Using this method I compute the calibration matrix for each frame's tracked points.

Setting up the Cube Coordinates

At this stage everything is set, all that is left to complete is simply determine where to place the cube! I decided to place the cube such that the bottom left corner of it would be at the virtual coordinates (1,1,3). The box surface was at a height of 3 on the z axis. After this, we can construct a matrix by concatenting all the virtual coordinate column vectors and appending a row of 1 and then transposing everything, at this stage our 4d coordinate matrix is of shape 8x4.

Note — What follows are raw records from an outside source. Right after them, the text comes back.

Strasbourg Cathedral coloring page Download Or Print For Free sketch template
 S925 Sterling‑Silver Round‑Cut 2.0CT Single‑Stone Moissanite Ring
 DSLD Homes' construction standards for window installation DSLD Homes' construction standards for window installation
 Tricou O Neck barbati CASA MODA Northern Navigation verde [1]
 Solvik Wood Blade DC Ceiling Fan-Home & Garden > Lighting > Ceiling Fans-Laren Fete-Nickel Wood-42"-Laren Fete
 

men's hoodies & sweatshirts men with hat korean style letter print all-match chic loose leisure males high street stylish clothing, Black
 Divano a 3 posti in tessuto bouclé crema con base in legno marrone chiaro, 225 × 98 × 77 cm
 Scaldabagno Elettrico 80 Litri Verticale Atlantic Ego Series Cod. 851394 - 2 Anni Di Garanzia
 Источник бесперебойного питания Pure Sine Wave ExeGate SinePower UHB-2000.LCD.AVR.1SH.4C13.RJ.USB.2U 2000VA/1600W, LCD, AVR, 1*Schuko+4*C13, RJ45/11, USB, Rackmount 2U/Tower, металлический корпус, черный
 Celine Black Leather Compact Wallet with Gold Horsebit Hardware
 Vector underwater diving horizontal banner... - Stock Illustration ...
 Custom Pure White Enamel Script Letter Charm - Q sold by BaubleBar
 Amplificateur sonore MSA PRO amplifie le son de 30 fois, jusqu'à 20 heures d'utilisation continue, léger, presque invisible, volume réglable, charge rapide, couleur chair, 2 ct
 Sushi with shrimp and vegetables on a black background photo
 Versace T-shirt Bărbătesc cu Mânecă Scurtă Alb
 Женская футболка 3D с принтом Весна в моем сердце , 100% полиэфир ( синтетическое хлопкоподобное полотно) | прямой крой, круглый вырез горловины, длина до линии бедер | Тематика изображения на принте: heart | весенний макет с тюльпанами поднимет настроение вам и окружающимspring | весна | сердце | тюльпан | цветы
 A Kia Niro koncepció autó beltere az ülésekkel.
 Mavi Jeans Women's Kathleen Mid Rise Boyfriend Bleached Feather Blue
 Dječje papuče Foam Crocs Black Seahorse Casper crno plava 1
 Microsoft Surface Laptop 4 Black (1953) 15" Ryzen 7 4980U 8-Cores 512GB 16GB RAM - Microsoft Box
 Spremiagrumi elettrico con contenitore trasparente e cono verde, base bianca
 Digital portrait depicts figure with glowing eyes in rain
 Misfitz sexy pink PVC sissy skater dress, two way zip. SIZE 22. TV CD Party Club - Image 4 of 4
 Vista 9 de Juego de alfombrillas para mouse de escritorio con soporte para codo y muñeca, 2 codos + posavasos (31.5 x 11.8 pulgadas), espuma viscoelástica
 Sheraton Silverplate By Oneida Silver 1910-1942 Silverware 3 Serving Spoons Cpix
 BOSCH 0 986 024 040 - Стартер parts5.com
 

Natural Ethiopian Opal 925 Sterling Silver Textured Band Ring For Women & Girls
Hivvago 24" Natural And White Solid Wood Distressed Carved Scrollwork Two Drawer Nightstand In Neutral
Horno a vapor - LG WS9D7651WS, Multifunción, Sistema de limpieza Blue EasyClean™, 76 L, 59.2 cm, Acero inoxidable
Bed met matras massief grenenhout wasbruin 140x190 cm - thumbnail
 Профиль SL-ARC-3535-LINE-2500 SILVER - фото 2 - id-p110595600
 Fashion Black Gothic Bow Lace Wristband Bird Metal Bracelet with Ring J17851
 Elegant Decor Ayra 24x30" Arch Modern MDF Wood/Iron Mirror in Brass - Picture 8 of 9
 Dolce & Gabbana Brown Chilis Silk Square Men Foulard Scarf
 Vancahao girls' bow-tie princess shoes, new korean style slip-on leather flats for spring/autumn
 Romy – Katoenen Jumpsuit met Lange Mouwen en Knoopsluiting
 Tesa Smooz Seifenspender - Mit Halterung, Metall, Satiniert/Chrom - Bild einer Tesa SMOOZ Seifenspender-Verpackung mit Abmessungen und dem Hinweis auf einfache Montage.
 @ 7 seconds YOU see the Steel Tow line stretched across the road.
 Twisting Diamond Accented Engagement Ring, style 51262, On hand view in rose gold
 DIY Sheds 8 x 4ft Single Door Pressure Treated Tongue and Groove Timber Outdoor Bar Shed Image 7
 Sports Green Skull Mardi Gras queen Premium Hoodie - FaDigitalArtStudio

Mapping and Drawing the Cube

At this point I used the calibration matrix to map the virtual coordinates to the actual coordinates (making sure to normalize the 3 entry to be 1) for each frame. I then used the open cv functions found in the resource page to draw the cubes. I did modify them a bit to make the lines thicker, as I thought it looked better. Once the drawing was completed for each frame I simply saved the sequence as a file. Click here for the results (remember to checkout the second part of the video).

Final Reflection

This was definitely one of my favorite projects in the course, I had a lot of fun making it but realized that it was really hard to get a good stable cube in the video. This is because of little oscillations I made while filming that may have thrown off the tracker. There is definitely a lot of room for improvement and exploration, eg. placing different geomatrical shapes on the box. One thing that I will definitely look into is figuring out how this is done on apps like snapchat where there is no predrawn 3d mesh. All in all, this is my last project as a Berkeley undergrad... thank you for the wonderful semester.